Entretanto, la pequeña Agripina crecía atenta a todo lo que pudiera ser una clave para su futuro. Las disensiones en el seno de la familia, las continuas humillaciones a que se sometía a su madre e incluso la campaña que, contra sus hermanos, Nerón y Druso, llevó a cabo Tiberio fueron modificando su carácter. Así, de forma sutil, se vio convertida en una persona intrigante y ambiciosa que pronto supo de la necesidad de una mujer de contar con un buen apoyo masculino par lograr sus ambiciones. Y, para conseguir tal respaldo, no le quedó más solución que emplear un medio bien conocido en el entorno cortesano: sus armas de mujer. Sobre todo cuando su madre, el mejor de los ejemplos, la que asentaba su poder en la dignidad de comportamiento, el sentido del deber y la comunicación con el pueblo, la dejó sola ante un futuro incierto.
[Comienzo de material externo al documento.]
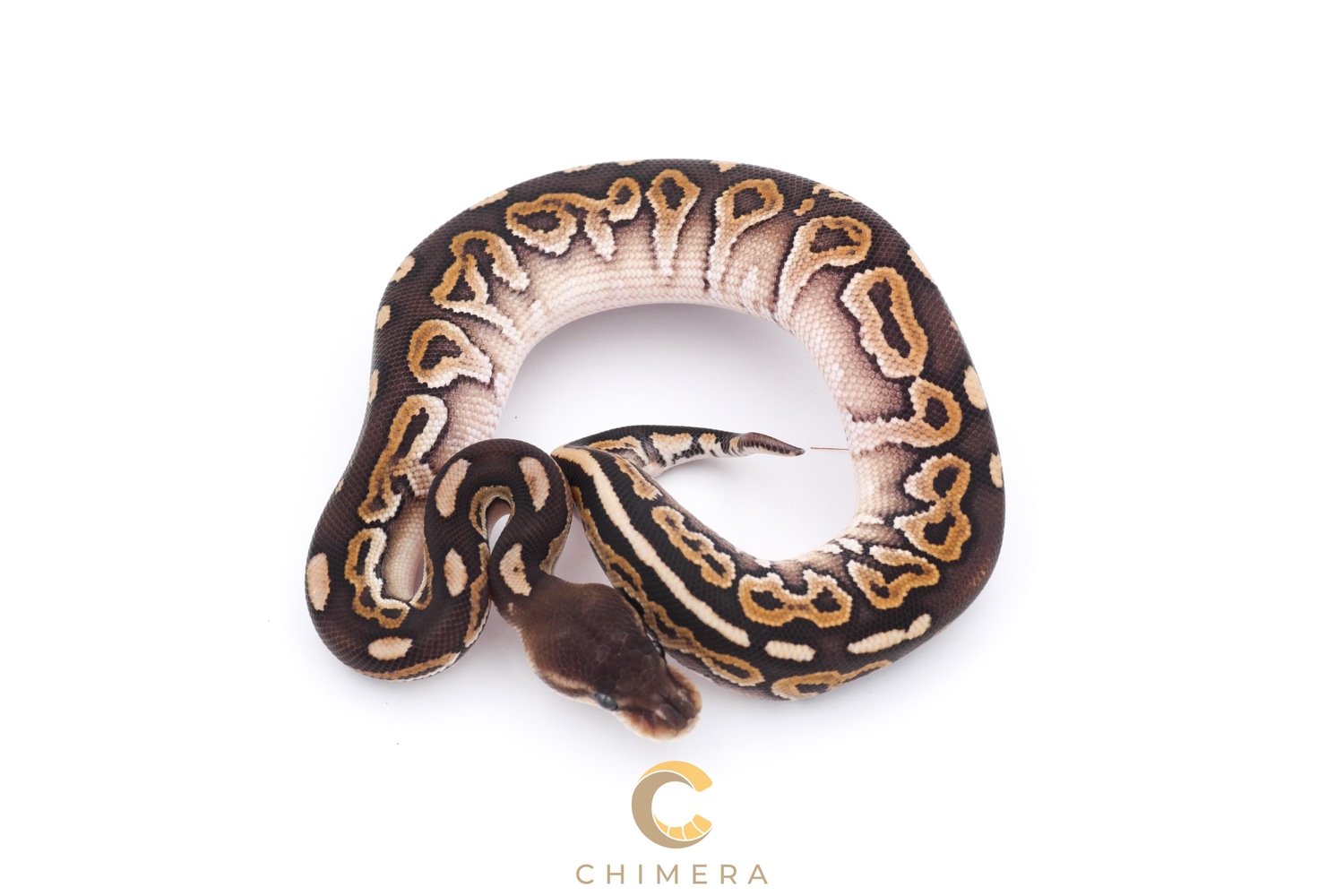 Cinnamon Mystic Het Ultramel Ball Python by Chimera - MorphMarket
En el año 32, cuando su hija solo contaba 16 años, Agripina se vio reducida por la ofensiva que Tiberio emprendió contra ella y sus hijos Nerón y Druso. Mediante una carta en la que acumulaba todo su resentimiento, lanzó las suficientes acusaciones contra los tres como para conseguir que, un año después, el Senado les declarara enemigos públicos. Su final fue terrible. Druso murió de hambre en la prisión del Palatino y Nerón en la isleta de Pontia, próxima a Nápoles. Agripina, por su parte, intentó refugiarse en un campamento militar con idea de que su presencia provocara el alzamiento del ejército, pero todo fue en vano.
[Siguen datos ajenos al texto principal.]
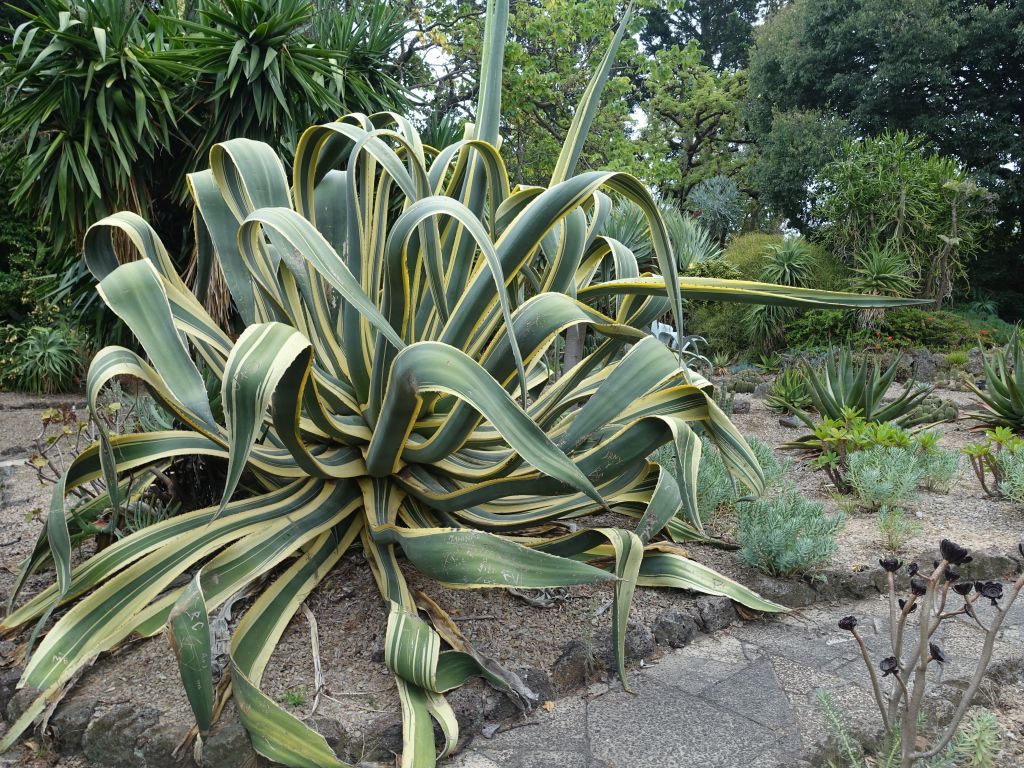 that's the cactus we have in our yard, gets big when left unchecked :)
Desesperada y sola, se enfrentó a Tiberio y, ante sus insultos, un centurión la golpeó hasta hacerla perder un ojo. Desterrada por orden del Emperador a la isla Pandataria, anunció que se dejaría morir de hambre. Tiberio intentó en vano alimentarla a la fuerza. No lo consiguió y Agripina murió a los 47 años de edad dejando tras de sí el legado de una ambición imparable y, tal vez, intuyendo que sería su hija, la joven Agripina, la que recogería el testigo de su carrera hacia el poder. Fue la última victoria de una mujer indomable.
Con 17 años y la única compañía de sus hermanos Drusila, Livina y Cayo Calígula, Agripina debió, pues, enfrentarse a la vida. Debía además hacerlo en el ámbito hostil de la familia imperial donde, curiosamente, solo contaba con las simpatías de Tiberio. Éste no debía ver en sus sobrinos menores ningún posible rival.